На втором месте расположился охотник за сокровищами и финансовый магнат Скрудж МакДак. Начиная с 1947 года он ни разу не покидал списка главных богачей выдуманного мира. Сейчас на его счету, по оценке экспертов Forbes, $33,5 млрд.

Герой комиксов и мультфильмов Ричи Рич, известный самый богатый мальчик Земли, занимает в рейтинге третью позицию. Его состояние оценивается в $11,5 млрд.

Оружейный магнат и «Железный человек» Тони Старк в этом году стал четвертым.

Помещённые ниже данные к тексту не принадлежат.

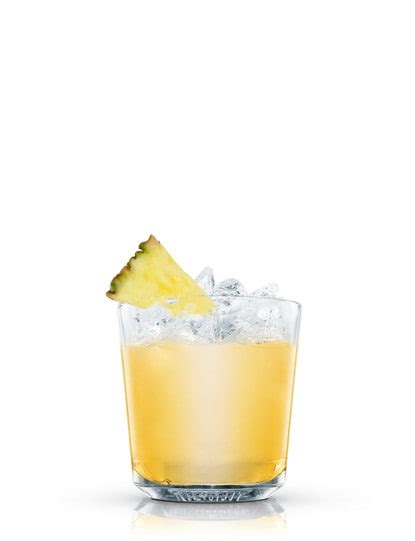 pineapple-fizz-recipe-absolut-drinks image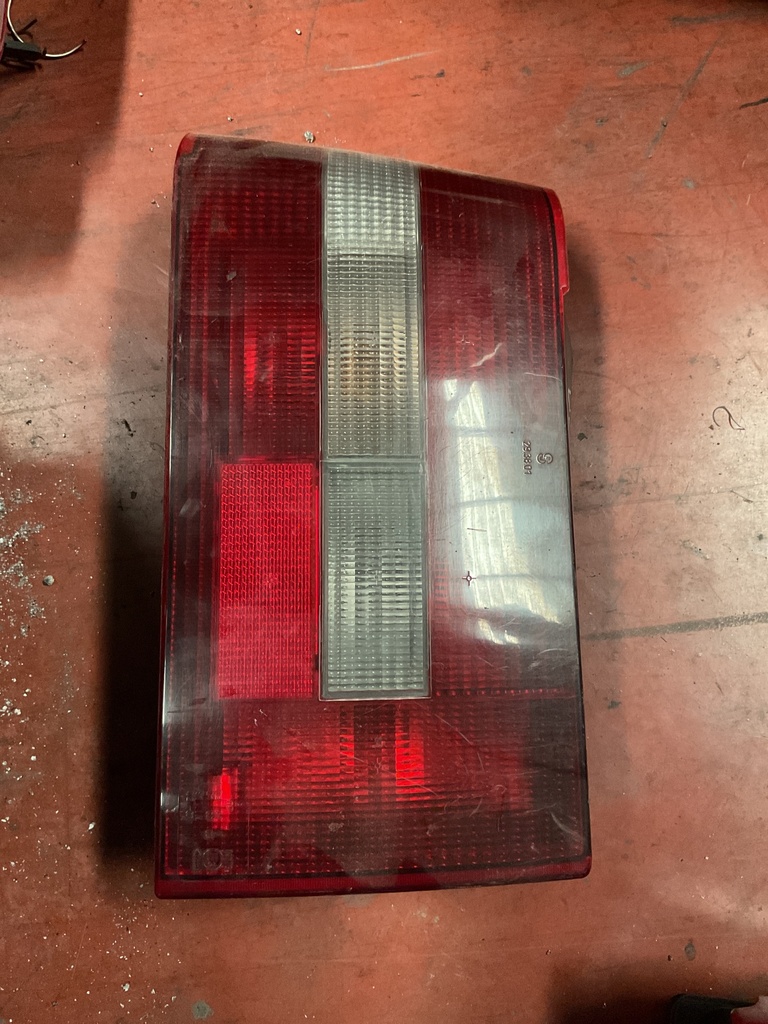 Piloto izquierdo volvo 460 ‘90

У него $8,8 млрд.

На пятом месте герой популярного в США телевизионного шоу The Beverly Hillbillies, банкир и нефтепромышленник Джед Клампетт. Его результат — $7,2 млрд.

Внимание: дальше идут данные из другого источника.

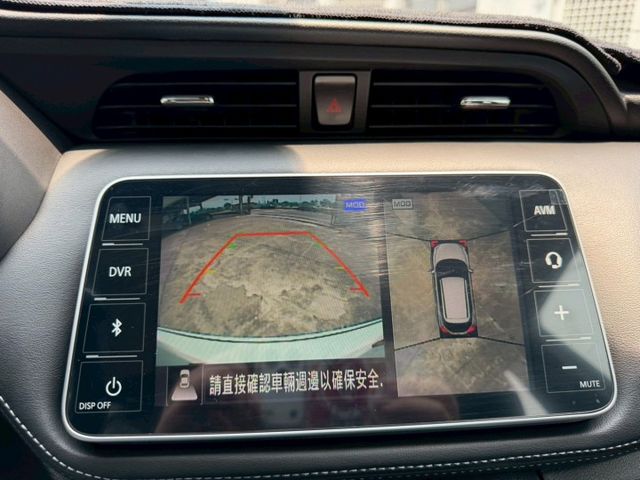 KICKS  第6張相片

Шестым стал герой комиксов и фильма «Хранители» Адриан Вэйдт, известный также, как «самый умный человек на Земле». У него $7 млрд.

На седьмом месте старый добрый «Бэтмен», известный «в миру», как Брюс Уэйн. Получив в наследство от своих родителей компанию Wayne Enterprises, он сумел заработать на контрактах с Пентагоном $6,5 млрд.

Восьмое место в списке «самых-самых» заняла в этом году Зубная Фея. На подарки теряющим молочные зубы детям она, по оценкам Forbes, тратит до полутора сотен миллионов долларов в год. Однако волшебница вполне может себе это позволить — ее состояние оценивается в $3,9 млрд. Основным источником доходов назван крупный грант, выделенный Фее Санта-Клаусом. Сам же Рождественский Дед, ранее не раз занимавший высокие места в TOP-Fictional, на этот раз в рейтинг включен не был. По многочисленным просьбам детей и их родителей, убедивших экспертов Forbes, что Санта-Клаус вовсе не выдумка.

Девятое место — за героем ситкома «Остров Гиллигана» Торстоном Хауэллом. На десятом с двумя миллиардами долларов — железнодорожный магнат из анимационного шоу Thomas The Tank Engine & Friends сэр Топхэм Хатт.

----------